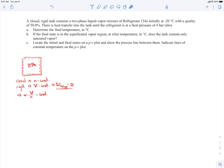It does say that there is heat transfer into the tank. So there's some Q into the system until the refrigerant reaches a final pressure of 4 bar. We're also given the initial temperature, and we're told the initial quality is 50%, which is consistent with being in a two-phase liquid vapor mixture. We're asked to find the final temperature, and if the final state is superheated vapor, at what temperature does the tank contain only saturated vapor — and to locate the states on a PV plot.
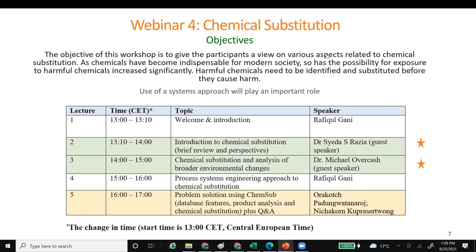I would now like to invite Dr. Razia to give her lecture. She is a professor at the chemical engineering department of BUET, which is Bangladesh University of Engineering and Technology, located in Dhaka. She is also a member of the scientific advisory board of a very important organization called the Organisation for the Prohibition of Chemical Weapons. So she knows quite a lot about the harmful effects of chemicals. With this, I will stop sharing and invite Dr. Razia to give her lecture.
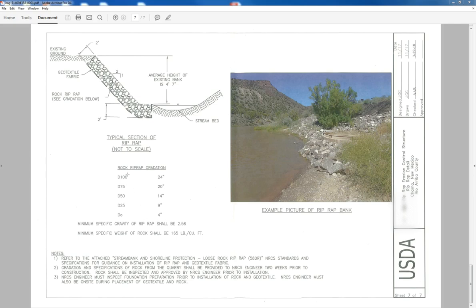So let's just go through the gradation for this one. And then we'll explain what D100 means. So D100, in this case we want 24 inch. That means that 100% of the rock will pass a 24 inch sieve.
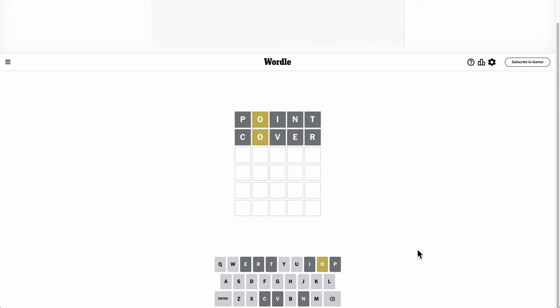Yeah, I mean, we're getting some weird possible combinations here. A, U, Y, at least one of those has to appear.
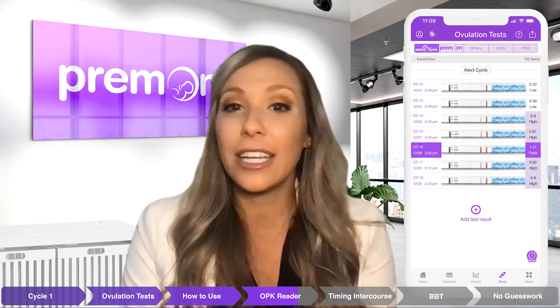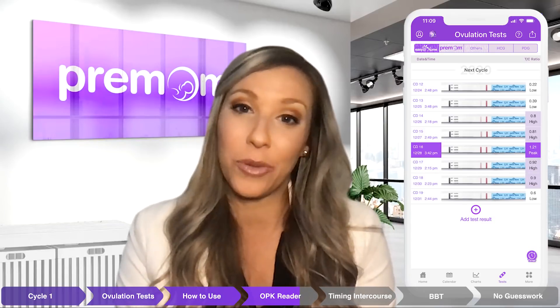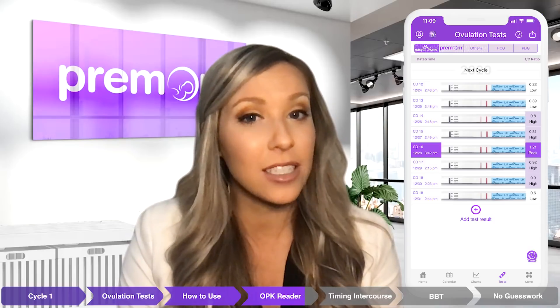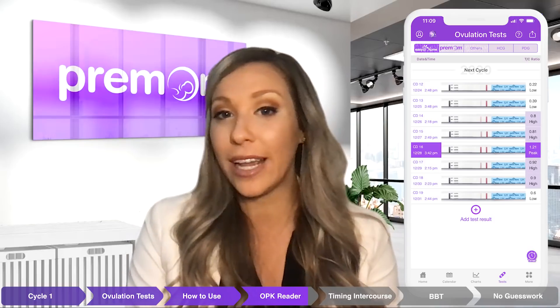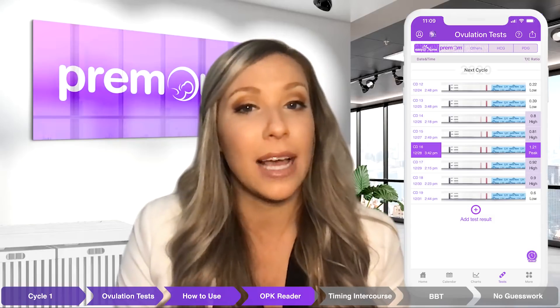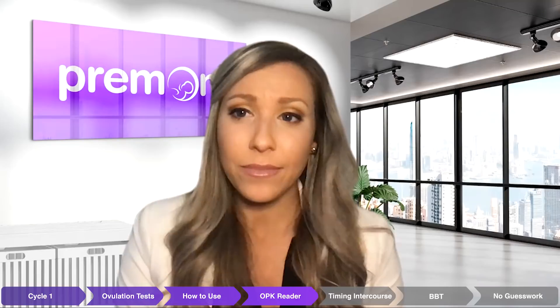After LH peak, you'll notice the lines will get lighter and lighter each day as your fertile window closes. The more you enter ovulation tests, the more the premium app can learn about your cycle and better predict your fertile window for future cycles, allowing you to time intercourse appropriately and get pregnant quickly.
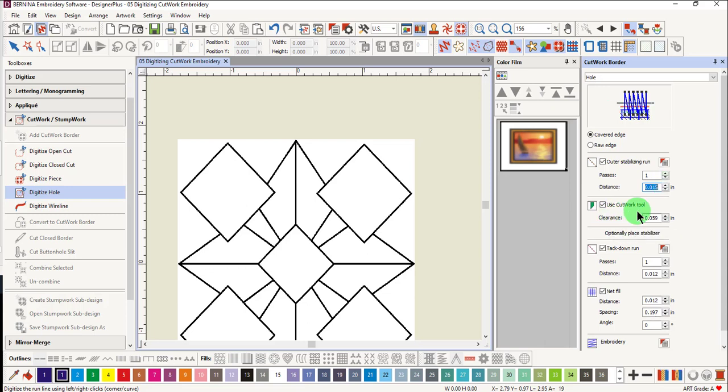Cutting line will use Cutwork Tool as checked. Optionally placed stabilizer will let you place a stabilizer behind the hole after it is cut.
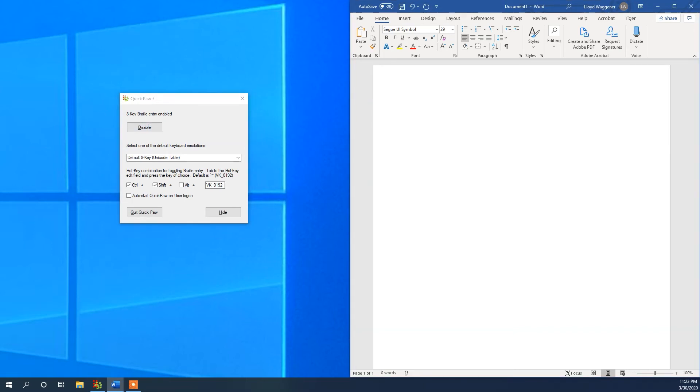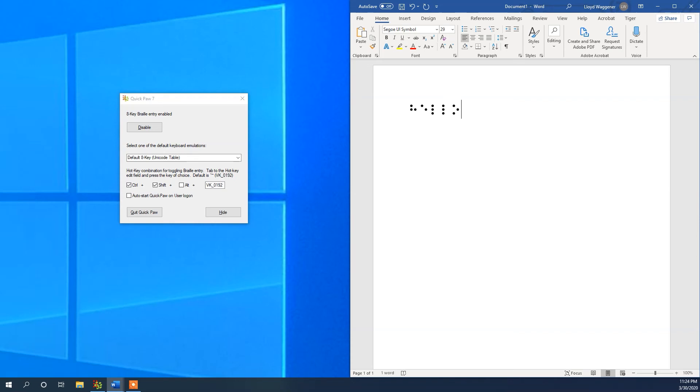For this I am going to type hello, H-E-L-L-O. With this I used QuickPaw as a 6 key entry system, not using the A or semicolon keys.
※
**YOUR INSTRUCTIONS**
The answer is the run of lines from the one with "I would now" through the final line of the data, copied exactly, and nothing else; no pictures.

**ANSWER SECTION**
I would now like to invite Dr. Razia to give her lecture. She is a professor at the chemical engineering department of BUET, which is Bangladesh University of Engineering and Technology, located in Dhaka. She is also a member of the scientific advisory board of a very important organization called the Organisation for the Prohibition of Chemical Weapons. So she knows quite a lot about the harmful effects of chemicals. With this, I will stop sharing and invite Dr. Razia to give her lecture.
So let's just go through the gradation for this one. And then we'll explain what D100 means. So D100, in this case we want 24 inch. That means that 100% of the rock will pass a 24 inch sieve.
Yeah, I mean, we're getting some weird possible combinations here. A, U, Y, at least one of those has to appear.
After LH peak, you'll notice the lines will get lighter and lighter each day as your fertile window closes. The more you enter ovulation tests, the more the premium app can learn about your cycle and better predict your fertile window for future cycles, allowing you to time intercourse appropriately and get pregnant quickly.
Cutting line will use Cutwork Tool as checked. Optionally placed stabilizer will let you place a stabilizer behind the hole after it is cut.
For this I am going to type hello, H-E-L-L-O. With this I used QuickPaw as a 6 key entry system, not using the A or semicolon keys.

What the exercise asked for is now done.